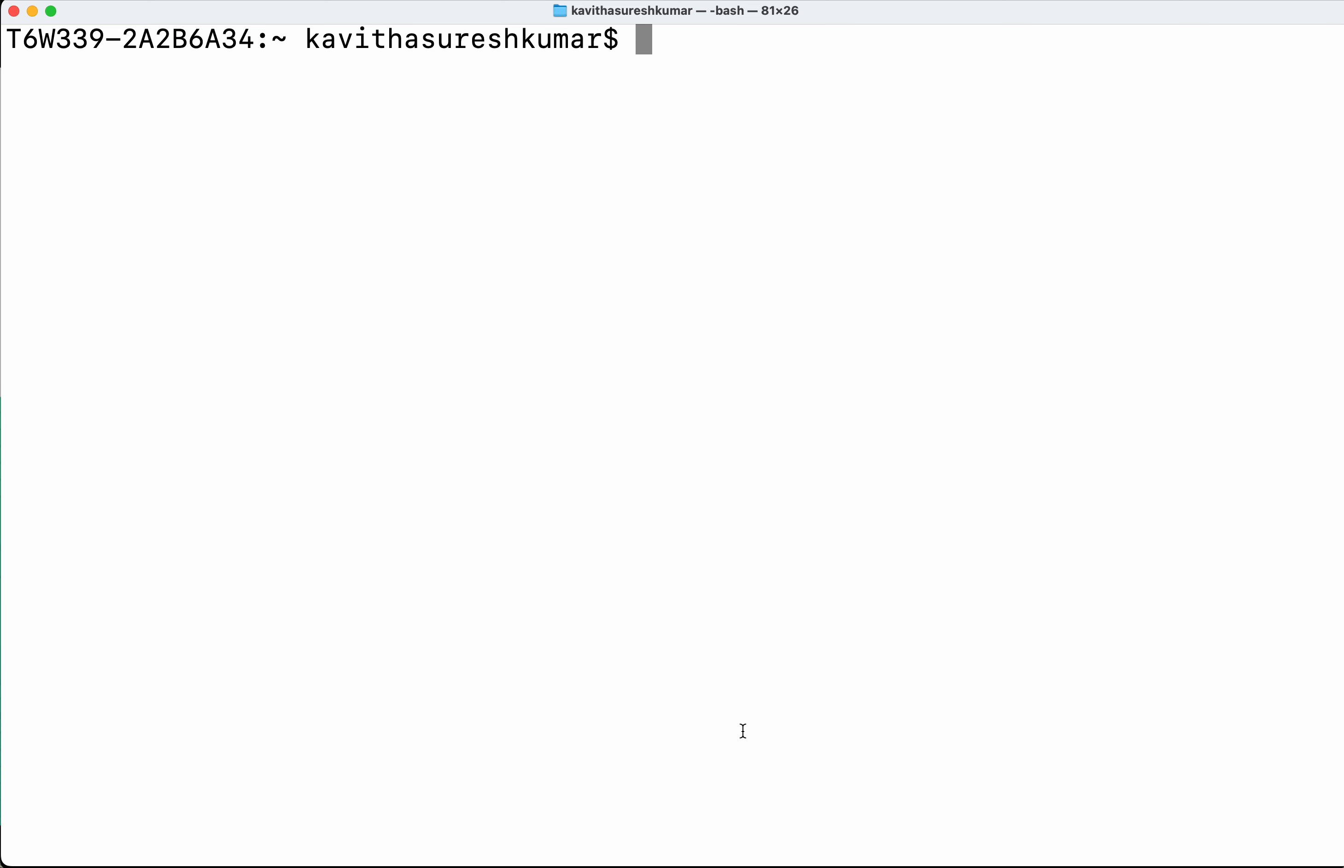Since we are going to create the trail using the CLI, I have opened the terminal. First we need to authenticate with AWS. Let's go and do that using AWS configure.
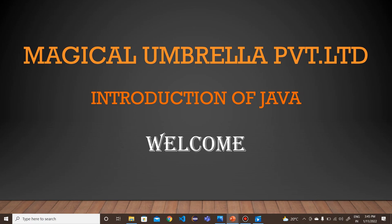Hello everyone, my name is Mohiniu Kinkar from Magical Umbrella Pvt Ltd. I am here to explain you about Java, i.e. Java programming.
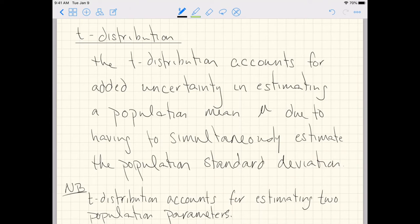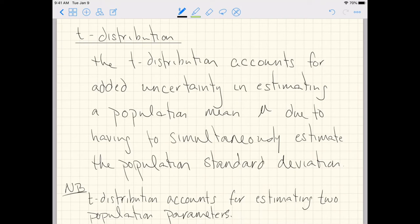What we should imagine in our heads is that the t-distribution is somehow wider than the normal distribution. Accounting for the added uncertainty of having to estimate two population parameters should theoretically make our distributions wider. Uncertainty in statistics is generally captured by the width of these distributions. All these distributions have area under the curve equal to one, so if we make a distribution wider, it simultaneously has to be shorter.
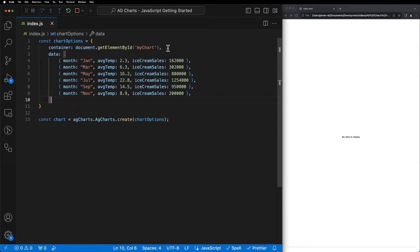we're going to be creating a combination chart that visualizes the correlation between the average temperature and the number of ice cream sales of any given month, a very contrived example we know but one that's unlikely to cause any confusion.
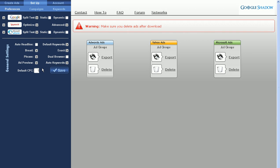So that pretty much covers the preferences screen, and if you have any additional questions, refer to the how-to or the user's forum, or put in a support ticket and we'll answer your questions as best as we can. Thanks.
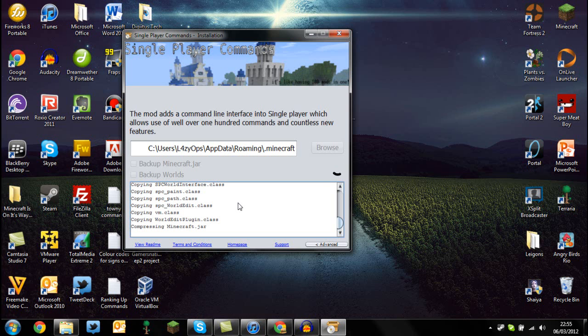It does depend on your computer speed. There you go, it's just compressing the minecraft.jar.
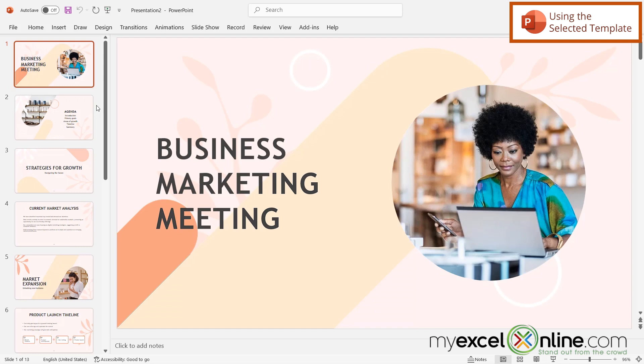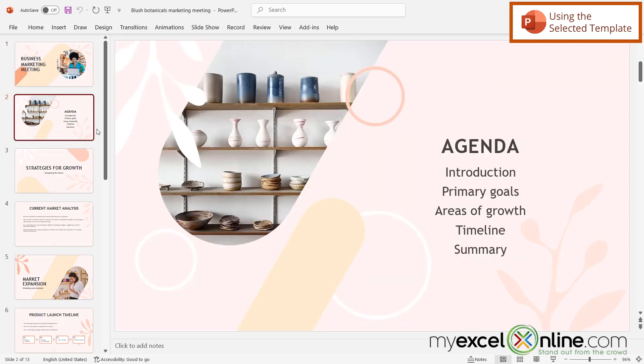Then I can start editing any one of these slides with my own custom information. You can see that the second slide includes an agenda, and that's where I can put some of my agenda information, as well as everything else I would like to present in my meeting.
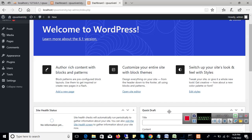Welcome back to my channel. In this video I'm going to show you how you can install a theme on your WordPress. In the previous video we saw how you can install WordPress on your own computer.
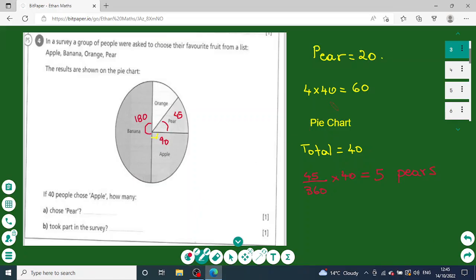On today's lesson I'm going to show different exercises in statistics and I'm going to cover pie charts and bar charts. We can see how we use statistics to analyze data.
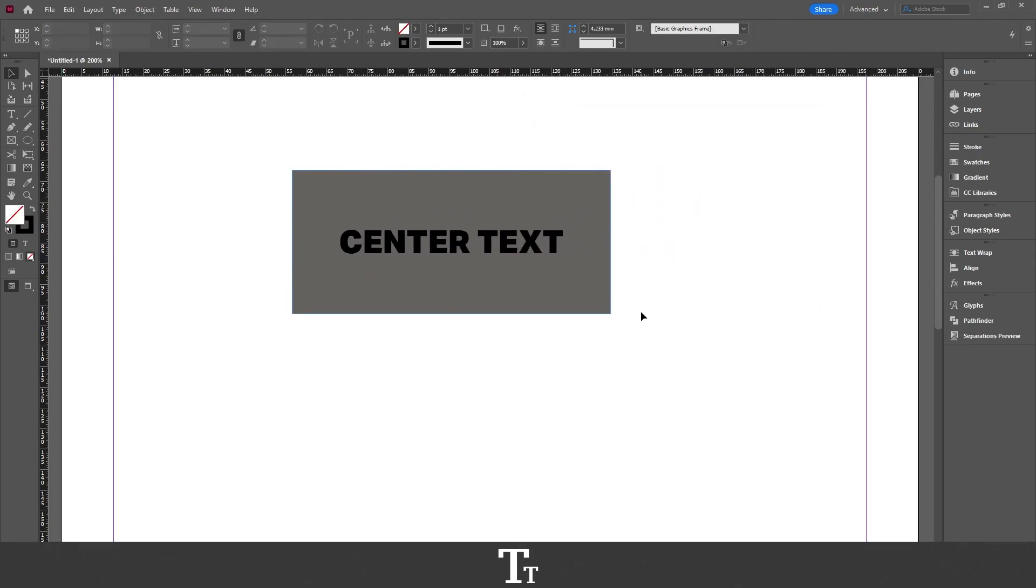So that's how to center text in a box in Adobe InDesign. Thank you so much for watching. I hope you found this video helpful. Don't forget to subscribe and like the video. That was all for now. See you in the next one. Bye bye.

§ **EXERCISE PROMPT**: From the line that contains "Welcome back to" to the last line of the data, print each line exactly, both ends included, and omit the pictures.

§ **EXPECTED ANSWER**:
Welcome back to my channel. In this video I'm going to show you how you can install a theme on your WordPress. In the previous video we saw how you can install WordPress on your own computer.
On today's lesson I'm going to show different exercises in statistics and I'm going to cover pie charts and bar charts. We can see how we use statistics to analyze data.
So that's how to center text in a box in Adobe InDesign. Thank you so much for watching. I hope you found this video helpful. Don't forget to subscribe and like the video. That was all for now. See you in the next one. Bye bye.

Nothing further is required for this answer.